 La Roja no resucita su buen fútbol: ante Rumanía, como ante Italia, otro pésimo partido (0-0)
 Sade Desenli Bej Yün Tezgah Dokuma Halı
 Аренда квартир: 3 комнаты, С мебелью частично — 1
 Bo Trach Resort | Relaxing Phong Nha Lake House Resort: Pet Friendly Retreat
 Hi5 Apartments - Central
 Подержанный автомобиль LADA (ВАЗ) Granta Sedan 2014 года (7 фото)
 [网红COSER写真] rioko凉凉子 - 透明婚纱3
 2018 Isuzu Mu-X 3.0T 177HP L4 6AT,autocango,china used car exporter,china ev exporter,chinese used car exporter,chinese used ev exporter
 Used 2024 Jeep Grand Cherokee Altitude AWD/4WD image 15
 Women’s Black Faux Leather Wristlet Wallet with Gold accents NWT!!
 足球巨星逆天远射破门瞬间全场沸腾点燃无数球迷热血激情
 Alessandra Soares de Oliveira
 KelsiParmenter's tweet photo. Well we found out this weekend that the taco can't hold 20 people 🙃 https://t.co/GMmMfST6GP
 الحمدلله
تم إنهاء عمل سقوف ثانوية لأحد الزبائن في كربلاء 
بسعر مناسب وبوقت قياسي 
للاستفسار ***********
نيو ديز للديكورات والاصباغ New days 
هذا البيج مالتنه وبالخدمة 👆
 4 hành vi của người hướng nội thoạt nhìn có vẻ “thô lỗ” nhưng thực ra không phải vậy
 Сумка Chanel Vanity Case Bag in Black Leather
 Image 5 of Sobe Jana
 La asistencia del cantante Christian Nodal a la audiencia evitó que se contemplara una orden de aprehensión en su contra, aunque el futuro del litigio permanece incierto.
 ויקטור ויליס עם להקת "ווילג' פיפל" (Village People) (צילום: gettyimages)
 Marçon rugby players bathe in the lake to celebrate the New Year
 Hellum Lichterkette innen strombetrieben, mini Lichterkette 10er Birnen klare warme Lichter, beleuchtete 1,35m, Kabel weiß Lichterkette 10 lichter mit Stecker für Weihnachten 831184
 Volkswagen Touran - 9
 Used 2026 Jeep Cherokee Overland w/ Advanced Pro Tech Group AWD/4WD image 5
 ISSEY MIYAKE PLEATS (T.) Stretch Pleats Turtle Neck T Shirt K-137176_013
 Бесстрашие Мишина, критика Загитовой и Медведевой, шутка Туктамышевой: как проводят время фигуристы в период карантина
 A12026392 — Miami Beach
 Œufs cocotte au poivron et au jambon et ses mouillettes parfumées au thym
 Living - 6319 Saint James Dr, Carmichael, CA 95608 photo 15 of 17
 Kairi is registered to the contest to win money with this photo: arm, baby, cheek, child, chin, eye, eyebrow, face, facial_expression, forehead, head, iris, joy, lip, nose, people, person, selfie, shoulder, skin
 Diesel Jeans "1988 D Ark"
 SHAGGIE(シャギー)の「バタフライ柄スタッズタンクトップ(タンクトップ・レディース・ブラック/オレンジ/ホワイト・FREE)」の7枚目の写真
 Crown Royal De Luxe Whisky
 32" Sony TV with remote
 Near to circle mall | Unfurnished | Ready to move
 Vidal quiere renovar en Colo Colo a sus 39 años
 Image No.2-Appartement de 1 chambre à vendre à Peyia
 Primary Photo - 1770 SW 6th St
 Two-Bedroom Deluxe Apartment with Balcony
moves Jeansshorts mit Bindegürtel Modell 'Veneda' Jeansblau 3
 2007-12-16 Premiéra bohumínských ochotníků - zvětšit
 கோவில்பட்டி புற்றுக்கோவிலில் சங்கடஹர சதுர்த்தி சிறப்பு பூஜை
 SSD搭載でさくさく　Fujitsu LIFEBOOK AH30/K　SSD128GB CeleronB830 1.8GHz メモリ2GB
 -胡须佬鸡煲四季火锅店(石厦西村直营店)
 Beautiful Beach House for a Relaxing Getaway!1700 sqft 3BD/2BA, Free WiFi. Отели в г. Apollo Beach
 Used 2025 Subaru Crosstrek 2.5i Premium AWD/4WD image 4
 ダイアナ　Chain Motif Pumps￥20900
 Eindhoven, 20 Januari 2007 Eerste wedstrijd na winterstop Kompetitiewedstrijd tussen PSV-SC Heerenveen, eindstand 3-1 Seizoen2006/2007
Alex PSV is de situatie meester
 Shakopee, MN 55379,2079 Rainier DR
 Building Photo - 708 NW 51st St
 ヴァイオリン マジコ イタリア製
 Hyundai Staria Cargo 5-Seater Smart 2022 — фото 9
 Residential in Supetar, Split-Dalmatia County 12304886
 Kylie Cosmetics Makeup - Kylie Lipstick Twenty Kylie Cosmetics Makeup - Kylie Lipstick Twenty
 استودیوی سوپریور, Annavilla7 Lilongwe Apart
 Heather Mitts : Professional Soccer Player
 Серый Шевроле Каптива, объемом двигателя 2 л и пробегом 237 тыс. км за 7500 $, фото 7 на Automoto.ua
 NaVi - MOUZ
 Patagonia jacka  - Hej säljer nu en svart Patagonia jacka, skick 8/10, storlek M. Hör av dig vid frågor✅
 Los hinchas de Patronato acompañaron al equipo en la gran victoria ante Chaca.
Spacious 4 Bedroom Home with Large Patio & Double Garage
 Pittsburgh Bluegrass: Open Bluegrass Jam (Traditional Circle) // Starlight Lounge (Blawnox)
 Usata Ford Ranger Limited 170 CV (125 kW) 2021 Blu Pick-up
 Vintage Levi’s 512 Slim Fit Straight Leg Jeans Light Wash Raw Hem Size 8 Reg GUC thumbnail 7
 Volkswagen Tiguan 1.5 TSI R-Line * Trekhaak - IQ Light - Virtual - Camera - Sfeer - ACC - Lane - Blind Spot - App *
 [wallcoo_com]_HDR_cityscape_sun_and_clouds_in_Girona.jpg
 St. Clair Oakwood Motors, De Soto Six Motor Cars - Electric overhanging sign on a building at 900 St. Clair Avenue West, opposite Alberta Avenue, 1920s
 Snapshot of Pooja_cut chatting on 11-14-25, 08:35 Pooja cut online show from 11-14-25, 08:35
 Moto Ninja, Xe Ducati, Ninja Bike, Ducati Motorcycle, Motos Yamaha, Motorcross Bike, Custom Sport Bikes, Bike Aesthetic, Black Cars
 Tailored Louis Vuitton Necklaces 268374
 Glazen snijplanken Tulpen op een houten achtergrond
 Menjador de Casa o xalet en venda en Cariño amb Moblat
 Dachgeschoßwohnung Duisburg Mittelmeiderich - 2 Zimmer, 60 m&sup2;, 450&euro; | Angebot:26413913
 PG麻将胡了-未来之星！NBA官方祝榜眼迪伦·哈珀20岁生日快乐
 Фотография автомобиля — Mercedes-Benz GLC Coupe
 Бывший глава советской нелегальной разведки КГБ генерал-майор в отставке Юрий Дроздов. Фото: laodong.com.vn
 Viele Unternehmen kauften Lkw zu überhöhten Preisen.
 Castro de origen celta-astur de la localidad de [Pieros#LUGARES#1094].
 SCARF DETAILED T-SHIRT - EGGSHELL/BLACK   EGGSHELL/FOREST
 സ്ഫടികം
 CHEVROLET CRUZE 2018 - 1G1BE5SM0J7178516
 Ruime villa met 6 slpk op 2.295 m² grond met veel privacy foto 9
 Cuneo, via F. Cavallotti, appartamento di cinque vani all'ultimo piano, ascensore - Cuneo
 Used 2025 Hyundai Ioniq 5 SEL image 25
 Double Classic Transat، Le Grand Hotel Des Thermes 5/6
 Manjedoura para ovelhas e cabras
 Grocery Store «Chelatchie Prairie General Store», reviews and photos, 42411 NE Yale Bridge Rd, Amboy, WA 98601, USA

★ ★ ★ ★ ★ ★ ★

[Exercise directions]
Above are the records; repeat exactly the lines from the one holding "استودیوی سوپریور, Annavilla7 Lilongwe Apart" down to the one holding "dig vid frågor✅", end lines included.

[Task result]
 استودیوی سوپریور, Annavilla7 Lilongwe Apart
 Heather Mitts : Professional Soccer Player
 Серый Шевроле Каптива, объемом двигателя 2 л и пробегом 237 тыс. км за 7500 $, фото 7 на Automoto.ua
 NaVi - MOUZ
 Patagonia jacka  - Hej säljer nu en svart Patagonia jacka, skick 8/10, storlek M. Hör av dig vid frågor✅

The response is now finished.